THE DATA Block Start

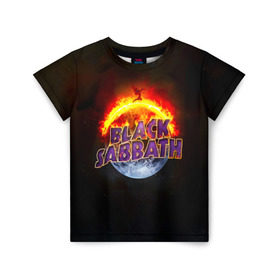 Детская футболка 3D с принтом Black Sabbath земля в огне в Екатеринбурге, 100% гипоаллергенный полиэфир | прямой крой, круглый вырез горловины, длина до линии бедер, чуть спущенное плечо, ткань немного тянется | black sabbath | группа | метал | надпись | оззи | осборн | хард рок | хеви метал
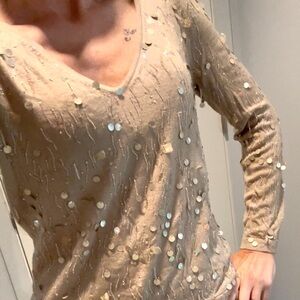 Oscar de la Renta Beige Beaded Embellished V-Neck Cashmere/Silk Sweater.✨Size M
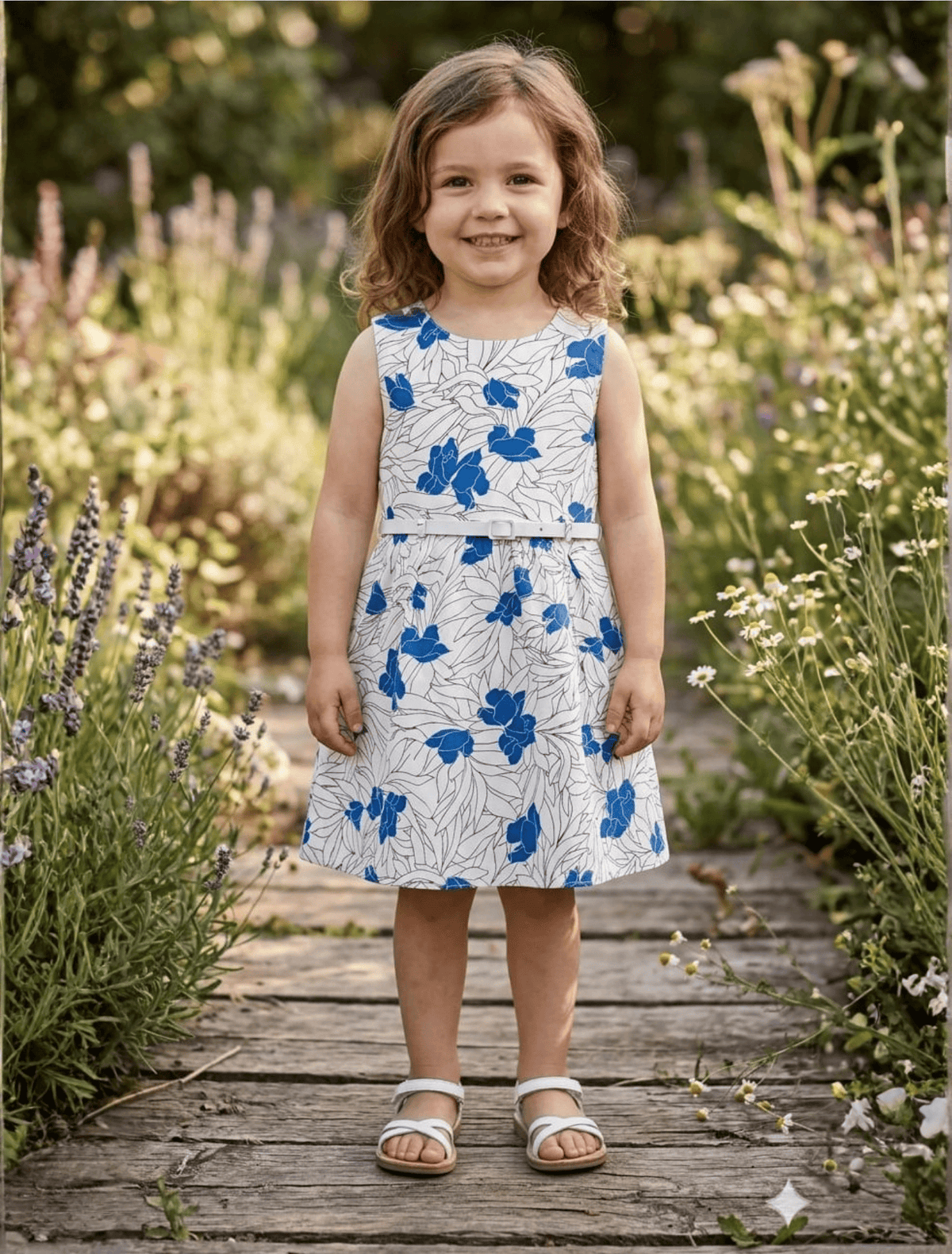 whisperingpoppers summer frocks Floral Cotton Frock with Belt — Vintage Style Girls 1y to 6 Years  blue and white colour floral printed desgin.girl is wearing  knee length  with silver belt .front view of the frock.perfect for hot summer days in pakistan.wear it on all day long  gatherings.event lunch and dinner.breathable comfortable fabric.imported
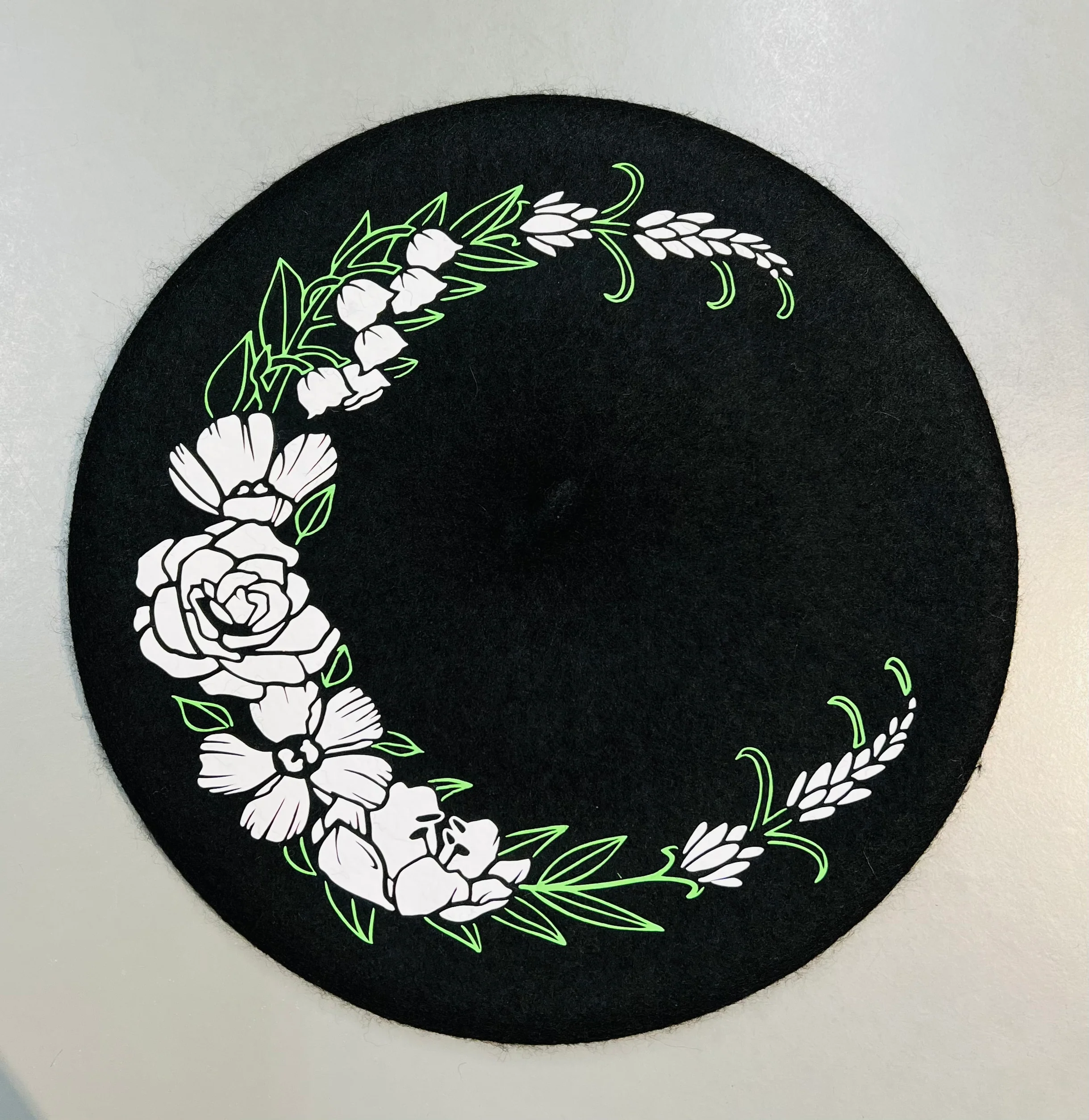 Vegan Beret - Black - Floral Crescent Moon
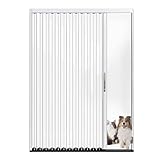 Interior Accordion Folding Door, No Drilling Retractable Sliding Doors with Lock, Customize Room Divider for Bathroom Closet Kitchen Patio, Aluminum Frame and Acrylic Panel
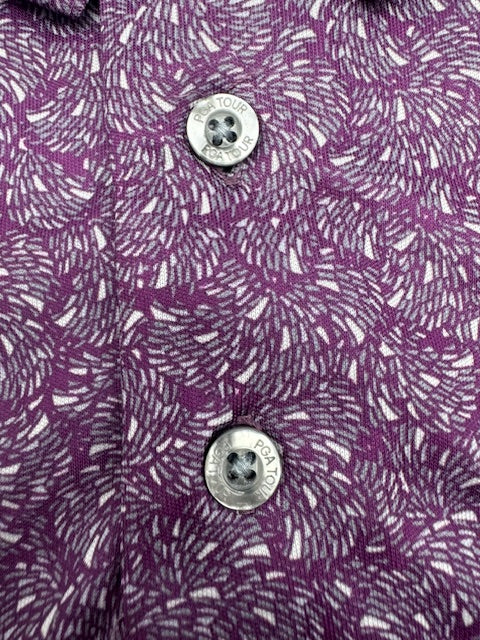 PGA TOUR MEN'S SHORT SLEEVE PRINTED GOLF POLO SHIRT - SIZE: MEN L - PURPLE - Brand New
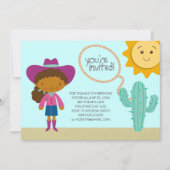 女性のカーボーイバースデーパーティ招待状 招待状 (正面)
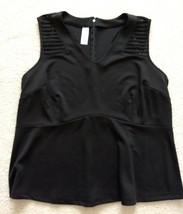 Simply Emma Plus Sleeveless Blouse Lace Inset Peplum Black Onyx New - £7.05 GBP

THE DATA Block End

§ PROMPT
Set down exactly, line for line, the data from the line that contains "女性のカーボーイバースデーパーティ招待状 招待状 (正面)" through its last line, keeping pictures out.

§ RESPONSE TO THIS TASK
 女性のカーボーイバースデーパーティ招待状 招待状 (正面)
 Simply Emma Plus Sleeveless Blouse Lace Inset Peplum Black Onyx New - £7.05 GBP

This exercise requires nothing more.